Civility and Shared Realities

12.13.2011, 9:00 AM

Over at Alas, A Blog, Myca wrote a satirical post regarding civility in conversations about rights. A snippet:

“I think that as our understanding of what it means to be a parent evolves and our understanding of how damaging homophobia is evolves, we must consider the possibility that opponents of Same Sex Marriage are, by teaching their children homophobia, abusing them, and ought to have their children taken from them.

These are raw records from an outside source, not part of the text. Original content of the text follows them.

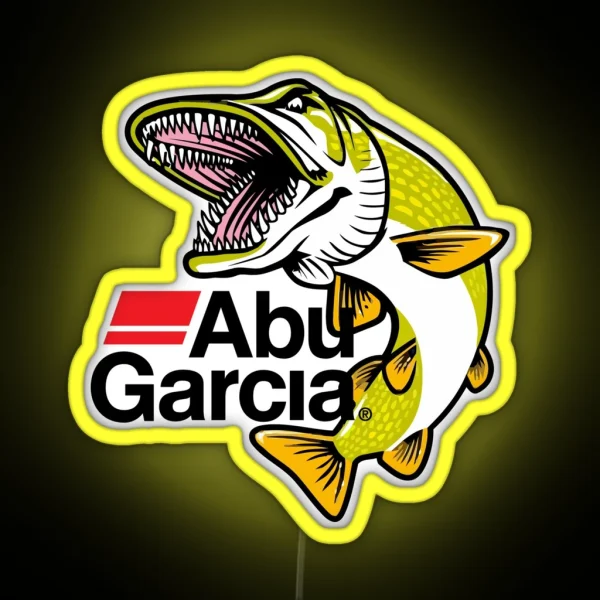 ABU GARCIAE MONSTER BASS FISHING RGB Neon Sign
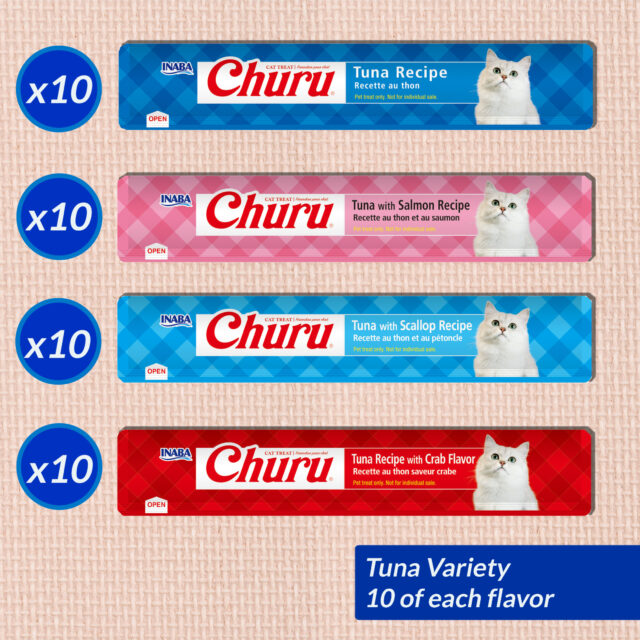 Churu Tuna Variety Pack 40 Tubes - Image 4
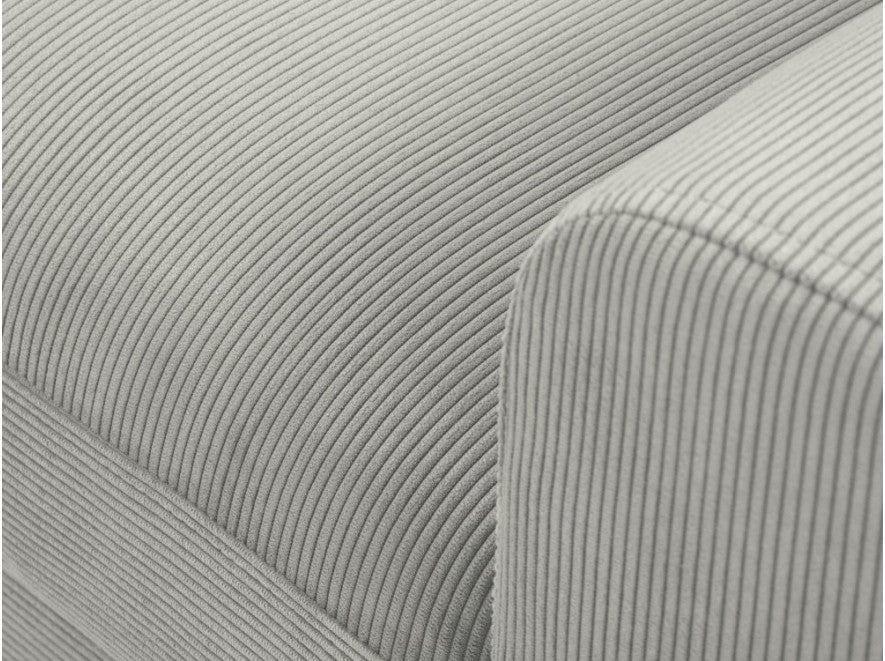 Narożnik lewostronny sztruksowy z funkcją spania KYOTO jasnoszary Cosmopolitan Design Eye on Design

I’m going to lay out some of the best arguments for taking the children of SSM opponents from them and placing them in foster homes, or, preferably, with SSM proponents. I understand that this conversation may be painful for opponents of Same Sex Marriage to participate in, but I’d like to encourage them to participate civilly, while encouraging SSM proponents to recognize that this argument (that SSM opponents are engaging in constant child abuse),while true, is likely to be painful for them. One thing I do want to be really clear on is that any conversation must be civil, and anyone engaging in uncivil behavior will be banned. This isn’t going to be about name calling. This is going to be about what horrible parents SSM opponents are, and how they deserve to lose their children.”

For some background, this post was a response to Barry’s post here, acknowledging that dialogue about marriage equality will often hurt LGB people, even when equality opponents are making relatively reasonable arguments.

I don’t think Myca and Barry’s pieces are necessarily in opposition to one another.

Barry’s acknowledges a reality: Opponents of equality often say things that make LGB people feel attacked and unsafe.

Myca’s takes it a step further, and acknowledges another reality: Even though opponents of LGB equality often say things that make LGB people feel attacked and unsafe, they often simultaneously expect LGB people to be near-perfect paragons of peace, civility, and kindness in response or else the conversation will not be allowed to occur.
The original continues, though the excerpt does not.